- What you are asked to do -
Copy, word for word, the opening line of the data and each line after it until the line that contains "Colony's Ben Sande", which is included. Leave the pictures out.

-- Information shown follows --

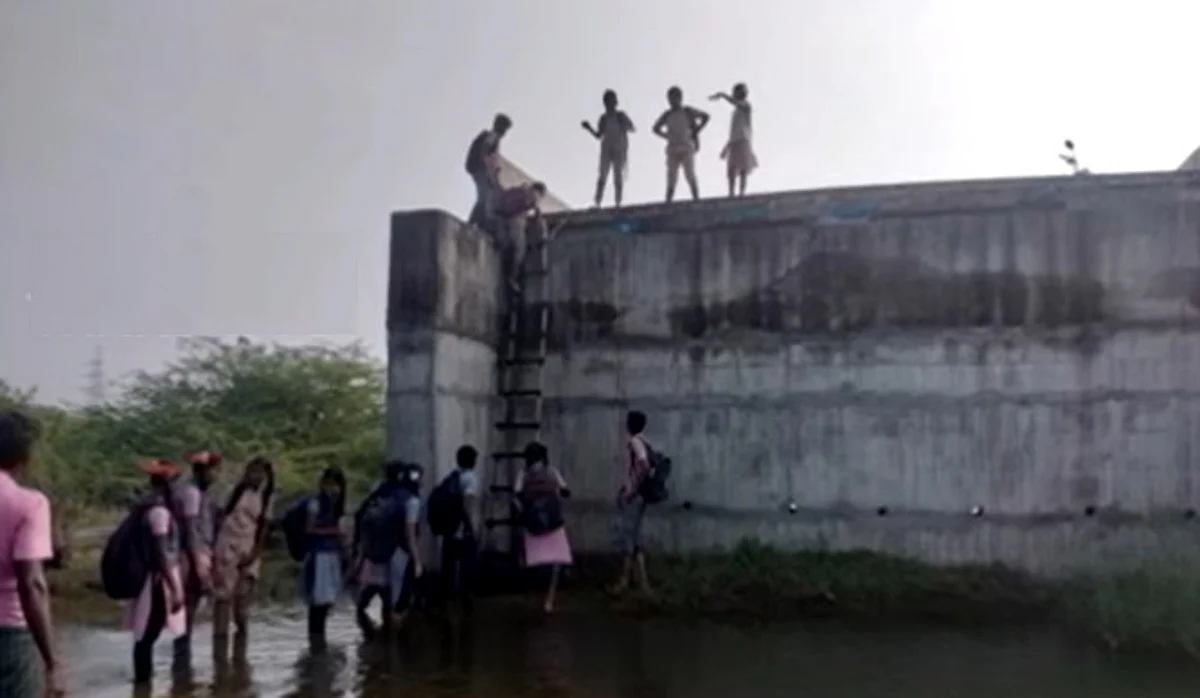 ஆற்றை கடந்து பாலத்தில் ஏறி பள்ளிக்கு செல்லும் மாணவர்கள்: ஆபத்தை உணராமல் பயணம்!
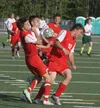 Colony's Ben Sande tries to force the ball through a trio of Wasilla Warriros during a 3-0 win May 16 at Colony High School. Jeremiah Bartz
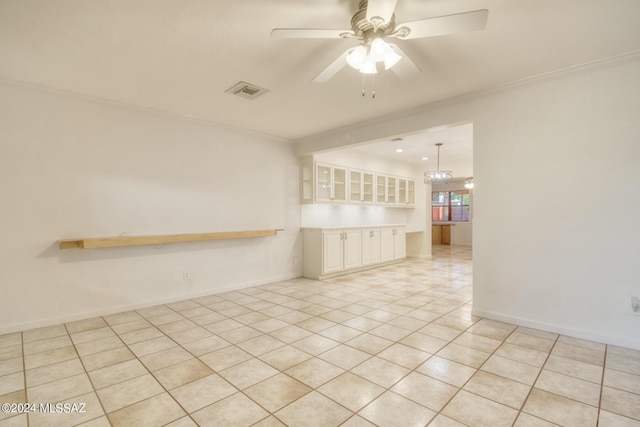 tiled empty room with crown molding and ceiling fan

-- Information shown concluded --

- Finished exercise -
 ஆற்றை கடந்து பாலத்தில் ஏறி பள்ளிக்கு செல்லும் மாணவர்கள்: ஆபத்தை உணராமல் பயணம்!
 Colony's Ben Sande tries to force the ball through a trio of Wasilla Warriros during a 3-0 win May 16 at Colony High School. Jeremiah Bartz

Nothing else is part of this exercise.